The first page that is displayed is the Site Overview page. If your SiteImprove account is used to administer SearchImprove solutions for more than one site, these sites are listed. Click a site name to go to the Overview screen for that site.

Search summary

The Site overview page displays the current status of the search: Site name, URL, active status, and the number of pages that are currently being searched.

Main setup buttons

These buttons give access to search configuration, crawl setup, group setup, and search ranking setup.

The setup buttons are:

  • Configure: Gives you access to the main configuration for the site: Which pages to include or exclude from the search index; which file types to index; which content sections to include etc.
  • Delete Site: Remove the current site.
  • Add new crawl: Allows you to create a new instance of the SearchImprove crawler; enter a URL from which the crawler should start; and select how often the crawler should be initiated to re-index its content.
  • Groups: Create and manage groups for presentational and/or organisational purposes.
  • Search Ranking: Edit the weighting scores for each content element to tweak the search for your content.

Crawls

How do crawls work?

One of the main virtues of SearchImprove is the ability to set up several crawls, each of which serves its own purpose.

It could be that some sections of the website are updated frequently, and other sections remain static for long periods of time. For example, a section containing news, where news items are added and removed and edited many times a day, needs to be indexed frequently. A section containing static information, such as annual reports, in theory only needs indexing once or twice a year.

By limiting the scope of crawls to include only what is necessary SearchImprove offers a fast and economic solution to searching. In this way, indexing places minimal strain on web servers, only performing requests when needed.

The Crawls section displays the crawls that have been set up for this site, with name, date of last crawl, date and time of next scheduled crawl, and the type of crawl.

A Complete crawl follows every link and indexes every page throughout the website from a designated starting point.

A level 1 crawl starts from a designated start page and indexes pages that have links on that page. A level 2 crawl indexes these pages and pages a level deeper; and so on.

A level 0 crawl does not follow any links; it simply indexes the designated start page.

Measures to reduce redundant crawls

To further limit the impact on server resources and to ensure speedy indexing, only pages that have been altered since the previous crawl are indexed.
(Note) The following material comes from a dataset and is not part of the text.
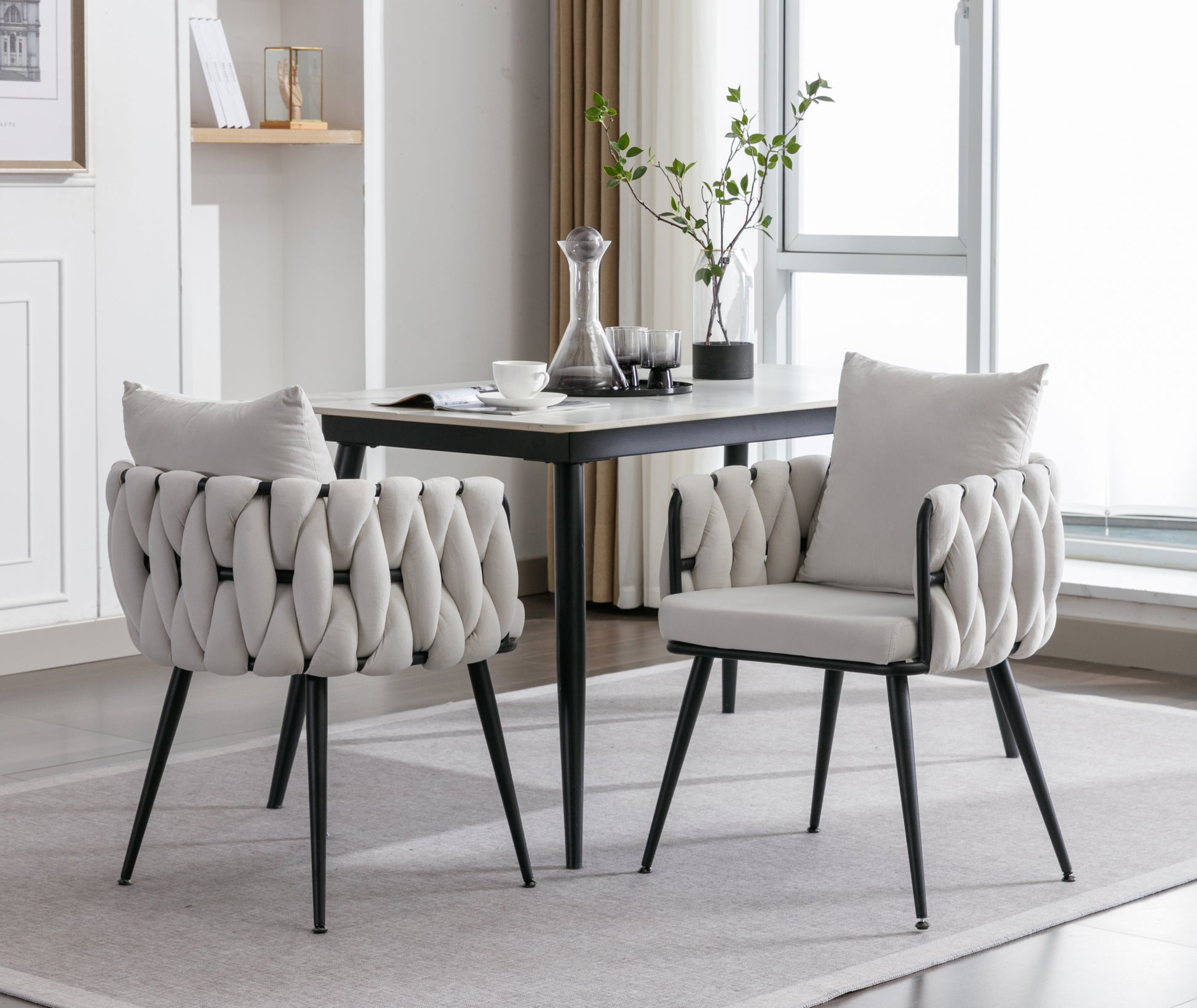 Pure Ivory Modern Velvet Dining Chairs Set Of 2 Hand Weaving Accent Chairs Living Room Chairs Upholstered Side Chair With Black Metal Legs For Dining Room Kitchen Vanity Living Room Ivory Velvet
A unique identifier – an MD5 key – is calculated for each page. This identifier changes when any alterations are made to the page, allowing the SearchImprove crawler to recognize altered pages. If the MD5 key is unchanged, the SearchImprove simply uses its page index to proceed to the next page in that crawl.

This means that if the majority of pages on the website are unaltered, the search index is updated rapidly and without undue strain on web servers.

Click a crawl name to view a summary of that crawl.

Create a new crawl with the Add new crawl button to enter the crawl configuration procedure.